» **Records from a data collection**:
──────

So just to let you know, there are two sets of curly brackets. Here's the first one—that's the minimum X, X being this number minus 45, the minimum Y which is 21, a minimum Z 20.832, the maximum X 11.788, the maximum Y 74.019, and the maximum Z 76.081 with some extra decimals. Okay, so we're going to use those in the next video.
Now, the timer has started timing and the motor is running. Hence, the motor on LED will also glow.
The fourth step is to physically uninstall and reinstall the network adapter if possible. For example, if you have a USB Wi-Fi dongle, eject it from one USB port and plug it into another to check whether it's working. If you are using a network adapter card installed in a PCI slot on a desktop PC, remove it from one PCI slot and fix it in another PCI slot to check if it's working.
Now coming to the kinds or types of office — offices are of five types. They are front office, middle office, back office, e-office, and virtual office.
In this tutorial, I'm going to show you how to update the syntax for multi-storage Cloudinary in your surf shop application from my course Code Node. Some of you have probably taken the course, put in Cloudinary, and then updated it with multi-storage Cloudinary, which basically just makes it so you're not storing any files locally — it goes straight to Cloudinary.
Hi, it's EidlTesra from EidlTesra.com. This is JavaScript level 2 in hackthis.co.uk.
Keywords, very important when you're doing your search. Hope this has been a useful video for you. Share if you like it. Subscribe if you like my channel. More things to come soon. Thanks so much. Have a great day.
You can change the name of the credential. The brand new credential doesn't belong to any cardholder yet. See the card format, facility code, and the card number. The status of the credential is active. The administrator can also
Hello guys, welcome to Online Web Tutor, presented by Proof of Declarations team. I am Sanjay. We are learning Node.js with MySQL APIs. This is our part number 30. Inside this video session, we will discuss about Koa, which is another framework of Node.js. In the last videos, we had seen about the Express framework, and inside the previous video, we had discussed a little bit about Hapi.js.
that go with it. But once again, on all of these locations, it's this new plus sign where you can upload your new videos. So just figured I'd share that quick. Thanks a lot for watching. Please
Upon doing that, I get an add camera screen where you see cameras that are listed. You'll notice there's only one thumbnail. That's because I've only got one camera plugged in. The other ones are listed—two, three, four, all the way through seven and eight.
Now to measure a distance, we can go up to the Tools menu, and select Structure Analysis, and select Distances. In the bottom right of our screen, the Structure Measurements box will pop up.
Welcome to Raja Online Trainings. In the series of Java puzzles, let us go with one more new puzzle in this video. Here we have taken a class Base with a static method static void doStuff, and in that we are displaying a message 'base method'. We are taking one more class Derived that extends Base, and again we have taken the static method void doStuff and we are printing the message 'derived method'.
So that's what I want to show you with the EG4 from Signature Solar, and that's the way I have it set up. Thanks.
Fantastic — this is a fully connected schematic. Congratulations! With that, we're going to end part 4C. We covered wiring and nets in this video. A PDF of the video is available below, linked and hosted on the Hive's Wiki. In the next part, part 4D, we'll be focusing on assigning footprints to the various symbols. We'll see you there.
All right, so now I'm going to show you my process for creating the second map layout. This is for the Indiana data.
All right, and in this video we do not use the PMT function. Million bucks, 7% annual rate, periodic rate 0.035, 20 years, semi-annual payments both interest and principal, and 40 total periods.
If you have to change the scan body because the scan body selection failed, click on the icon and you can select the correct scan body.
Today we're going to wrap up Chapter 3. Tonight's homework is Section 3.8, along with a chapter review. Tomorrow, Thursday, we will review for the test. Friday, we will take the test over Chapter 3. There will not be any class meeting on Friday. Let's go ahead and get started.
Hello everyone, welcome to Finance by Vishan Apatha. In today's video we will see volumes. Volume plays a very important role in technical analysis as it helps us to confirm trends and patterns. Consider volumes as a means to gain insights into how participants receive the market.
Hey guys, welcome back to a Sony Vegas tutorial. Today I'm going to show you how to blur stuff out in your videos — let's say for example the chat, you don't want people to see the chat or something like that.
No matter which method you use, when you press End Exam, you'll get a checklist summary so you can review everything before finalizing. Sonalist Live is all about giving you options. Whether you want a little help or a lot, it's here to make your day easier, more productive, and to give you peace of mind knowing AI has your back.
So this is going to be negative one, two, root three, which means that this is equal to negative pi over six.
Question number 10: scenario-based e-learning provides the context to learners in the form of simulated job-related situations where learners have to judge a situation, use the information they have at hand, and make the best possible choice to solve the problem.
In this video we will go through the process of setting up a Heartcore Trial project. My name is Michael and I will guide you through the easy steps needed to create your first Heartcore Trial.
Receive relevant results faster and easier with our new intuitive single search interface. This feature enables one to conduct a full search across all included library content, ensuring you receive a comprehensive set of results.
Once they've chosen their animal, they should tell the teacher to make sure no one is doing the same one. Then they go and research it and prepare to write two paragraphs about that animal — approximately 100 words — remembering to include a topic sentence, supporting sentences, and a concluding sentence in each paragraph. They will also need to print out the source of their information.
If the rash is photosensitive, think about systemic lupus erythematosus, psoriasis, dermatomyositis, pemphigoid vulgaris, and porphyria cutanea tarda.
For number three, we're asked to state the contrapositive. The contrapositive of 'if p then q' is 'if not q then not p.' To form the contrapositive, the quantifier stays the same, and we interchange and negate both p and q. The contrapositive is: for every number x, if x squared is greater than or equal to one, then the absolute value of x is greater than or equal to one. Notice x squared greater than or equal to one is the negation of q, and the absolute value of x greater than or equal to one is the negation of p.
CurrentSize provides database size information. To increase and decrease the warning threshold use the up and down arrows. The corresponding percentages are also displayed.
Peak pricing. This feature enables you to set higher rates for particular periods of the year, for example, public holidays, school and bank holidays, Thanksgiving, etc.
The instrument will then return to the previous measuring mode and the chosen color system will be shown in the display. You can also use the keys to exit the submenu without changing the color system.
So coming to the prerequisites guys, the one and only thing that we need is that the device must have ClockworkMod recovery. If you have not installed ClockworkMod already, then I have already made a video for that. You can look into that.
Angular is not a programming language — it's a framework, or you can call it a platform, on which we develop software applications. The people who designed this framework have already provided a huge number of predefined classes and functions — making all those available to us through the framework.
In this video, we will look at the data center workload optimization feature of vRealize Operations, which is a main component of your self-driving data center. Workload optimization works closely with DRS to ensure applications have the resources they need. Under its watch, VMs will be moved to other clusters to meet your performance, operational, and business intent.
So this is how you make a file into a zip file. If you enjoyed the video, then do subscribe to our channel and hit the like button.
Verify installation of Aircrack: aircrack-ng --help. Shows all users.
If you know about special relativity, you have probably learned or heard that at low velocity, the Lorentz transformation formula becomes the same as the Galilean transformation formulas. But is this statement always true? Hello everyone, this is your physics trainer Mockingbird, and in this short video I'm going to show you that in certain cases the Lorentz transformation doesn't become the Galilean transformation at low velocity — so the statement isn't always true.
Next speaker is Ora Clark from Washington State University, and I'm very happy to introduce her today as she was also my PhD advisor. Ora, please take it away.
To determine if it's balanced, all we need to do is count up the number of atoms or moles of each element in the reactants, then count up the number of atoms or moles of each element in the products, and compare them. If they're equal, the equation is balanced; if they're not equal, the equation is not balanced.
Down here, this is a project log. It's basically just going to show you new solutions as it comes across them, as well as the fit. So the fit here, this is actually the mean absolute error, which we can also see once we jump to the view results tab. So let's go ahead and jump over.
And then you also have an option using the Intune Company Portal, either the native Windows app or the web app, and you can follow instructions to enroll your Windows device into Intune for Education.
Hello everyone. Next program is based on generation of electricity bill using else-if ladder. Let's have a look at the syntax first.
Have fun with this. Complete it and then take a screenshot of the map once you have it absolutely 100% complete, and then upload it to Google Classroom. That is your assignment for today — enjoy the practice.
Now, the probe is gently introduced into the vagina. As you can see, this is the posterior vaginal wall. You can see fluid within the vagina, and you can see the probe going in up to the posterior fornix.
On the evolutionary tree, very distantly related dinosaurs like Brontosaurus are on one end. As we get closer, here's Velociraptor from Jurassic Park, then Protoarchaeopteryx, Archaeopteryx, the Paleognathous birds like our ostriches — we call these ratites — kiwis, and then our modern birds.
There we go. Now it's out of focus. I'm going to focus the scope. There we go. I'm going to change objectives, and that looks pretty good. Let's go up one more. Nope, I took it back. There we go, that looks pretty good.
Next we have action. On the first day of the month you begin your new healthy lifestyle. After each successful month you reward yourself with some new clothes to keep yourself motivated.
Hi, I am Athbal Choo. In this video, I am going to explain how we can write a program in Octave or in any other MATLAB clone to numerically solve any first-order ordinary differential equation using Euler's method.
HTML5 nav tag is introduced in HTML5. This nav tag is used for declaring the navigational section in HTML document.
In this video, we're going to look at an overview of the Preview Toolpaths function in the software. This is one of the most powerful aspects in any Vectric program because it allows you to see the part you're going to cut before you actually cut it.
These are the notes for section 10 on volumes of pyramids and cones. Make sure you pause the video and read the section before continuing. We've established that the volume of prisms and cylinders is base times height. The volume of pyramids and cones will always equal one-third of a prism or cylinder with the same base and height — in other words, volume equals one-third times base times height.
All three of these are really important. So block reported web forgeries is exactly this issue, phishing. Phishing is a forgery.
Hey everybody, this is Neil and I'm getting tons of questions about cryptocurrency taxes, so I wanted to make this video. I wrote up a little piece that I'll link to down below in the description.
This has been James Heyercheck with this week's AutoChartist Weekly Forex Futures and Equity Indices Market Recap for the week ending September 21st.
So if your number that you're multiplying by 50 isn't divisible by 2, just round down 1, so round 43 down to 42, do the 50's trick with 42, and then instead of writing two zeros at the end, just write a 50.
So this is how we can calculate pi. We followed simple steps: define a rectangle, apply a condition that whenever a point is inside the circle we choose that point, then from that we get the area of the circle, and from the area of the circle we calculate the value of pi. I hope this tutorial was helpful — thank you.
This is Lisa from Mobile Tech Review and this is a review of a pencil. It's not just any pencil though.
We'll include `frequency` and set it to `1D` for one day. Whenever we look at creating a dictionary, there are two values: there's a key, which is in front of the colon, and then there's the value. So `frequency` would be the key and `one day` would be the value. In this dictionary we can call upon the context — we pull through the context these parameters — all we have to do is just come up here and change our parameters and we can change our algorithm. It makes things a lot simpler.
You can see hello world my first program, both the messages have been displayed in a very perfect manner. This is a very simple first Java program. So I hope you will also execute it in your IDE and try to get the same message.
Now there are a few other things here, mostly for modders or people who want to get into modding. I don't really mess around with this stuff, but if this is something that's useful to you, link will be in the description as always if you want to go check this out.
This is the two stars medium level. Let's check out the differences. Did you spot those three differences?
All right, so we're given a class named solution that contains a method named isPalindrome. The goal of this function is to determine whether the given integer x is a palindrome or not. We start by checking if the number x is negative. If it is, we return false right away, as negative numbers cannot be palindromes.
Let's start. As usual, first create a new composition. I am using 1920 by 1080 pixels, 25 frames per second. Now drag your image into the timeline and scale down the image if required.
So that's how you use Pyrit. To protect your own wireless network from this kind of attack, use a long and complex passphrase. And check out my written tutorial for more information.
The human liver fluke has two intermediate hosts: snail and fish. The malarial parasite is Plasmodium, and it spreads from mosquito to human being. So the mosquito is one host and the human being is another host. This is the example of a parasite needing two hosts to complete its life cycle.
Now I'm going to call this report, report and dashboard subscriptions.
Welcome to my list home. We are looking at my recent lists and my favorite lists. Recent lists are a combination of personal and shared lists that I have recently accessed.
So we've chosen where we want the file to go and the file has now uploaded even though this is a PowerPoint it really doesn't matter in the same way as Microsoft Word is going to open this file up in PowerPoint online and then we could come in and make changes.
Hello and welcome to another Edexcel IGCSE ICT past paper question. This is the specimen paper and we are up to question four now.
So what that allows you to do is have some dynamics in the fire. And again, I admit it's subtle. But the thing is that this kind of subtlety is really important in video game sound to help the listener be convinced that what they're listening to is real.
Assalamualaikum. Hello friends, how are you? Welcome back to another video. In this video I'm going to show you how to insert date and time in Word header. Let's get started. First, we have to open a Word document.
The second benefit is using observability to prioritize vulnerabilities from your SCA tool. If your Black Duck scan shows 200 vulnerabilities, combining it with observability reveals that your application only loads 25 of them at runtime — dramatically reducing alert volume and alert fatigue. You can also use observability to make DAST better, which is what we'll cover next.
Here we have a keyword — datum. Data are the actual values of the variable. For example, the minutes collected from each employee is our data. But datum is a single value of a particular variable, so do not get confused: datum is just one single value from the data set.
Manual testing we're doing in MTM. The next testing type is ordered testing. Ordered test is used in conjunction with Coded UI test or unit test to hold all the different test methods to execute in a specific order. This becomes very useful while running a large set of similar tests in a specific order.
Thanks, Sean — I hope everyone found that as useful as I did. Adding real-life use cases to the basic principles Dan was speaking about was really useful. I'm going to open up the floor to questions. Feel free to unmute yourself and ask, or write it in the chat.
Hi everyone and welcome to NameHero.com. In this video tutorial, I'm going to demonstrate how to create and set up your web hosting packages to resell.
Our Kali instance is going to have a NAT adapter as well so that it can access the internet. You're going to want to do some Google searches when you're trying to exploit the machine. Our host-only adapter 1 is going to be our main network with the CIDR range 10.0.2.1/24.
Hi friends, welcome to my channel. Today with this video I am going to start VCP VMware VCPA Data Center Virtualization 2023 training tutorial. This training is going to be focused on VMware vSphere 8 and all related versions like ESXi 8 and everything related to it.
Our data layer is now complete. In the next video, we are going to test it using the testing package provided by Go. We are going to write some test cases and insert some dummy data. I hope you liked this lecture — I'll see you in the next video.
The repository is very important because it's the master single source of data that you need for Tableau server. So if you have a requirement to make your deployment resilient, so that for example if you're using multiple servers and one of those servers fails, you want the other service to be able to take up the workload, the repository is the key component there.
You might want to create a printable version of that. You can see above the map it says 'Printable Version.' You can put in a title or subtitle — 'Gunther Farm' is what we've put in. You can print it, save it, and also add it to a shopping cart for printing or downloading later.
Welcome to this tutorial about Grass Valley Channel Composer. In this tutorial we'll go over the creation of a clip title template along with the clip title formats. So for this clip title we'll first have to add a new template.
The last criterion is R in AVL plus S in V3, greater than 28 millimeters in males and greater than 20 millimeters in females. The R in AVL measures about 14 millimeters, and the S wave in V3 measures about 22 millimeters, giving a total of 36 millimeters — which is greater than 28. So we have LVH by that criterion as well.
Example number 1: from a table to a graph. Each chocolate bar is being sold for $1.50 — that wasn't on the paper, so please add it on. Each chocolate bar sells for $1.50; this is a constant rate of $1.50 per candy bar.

──────

» **Required work**:
From the data, collect all lines where the string "started" appears.

» **Response**:
Now, the timer has started timing and the motor is running. Hence, the motor on LED will also glow.
Today we're going to wrap up Chapter 3. Tonight's homework is Section 3.8, along with a chapter review. Tomorrow, Thursday, we will review for the test. Friday, we will take the test over Chapter 3. There will not be any class meeting on Friday. Let's go ahead and get started.
Assalamualaikum. Hello friends, how are you? Welcome back to another video. In this video I'm going to show you how to insert date and time in Word header. Let's get started. First, we have to open a Word document.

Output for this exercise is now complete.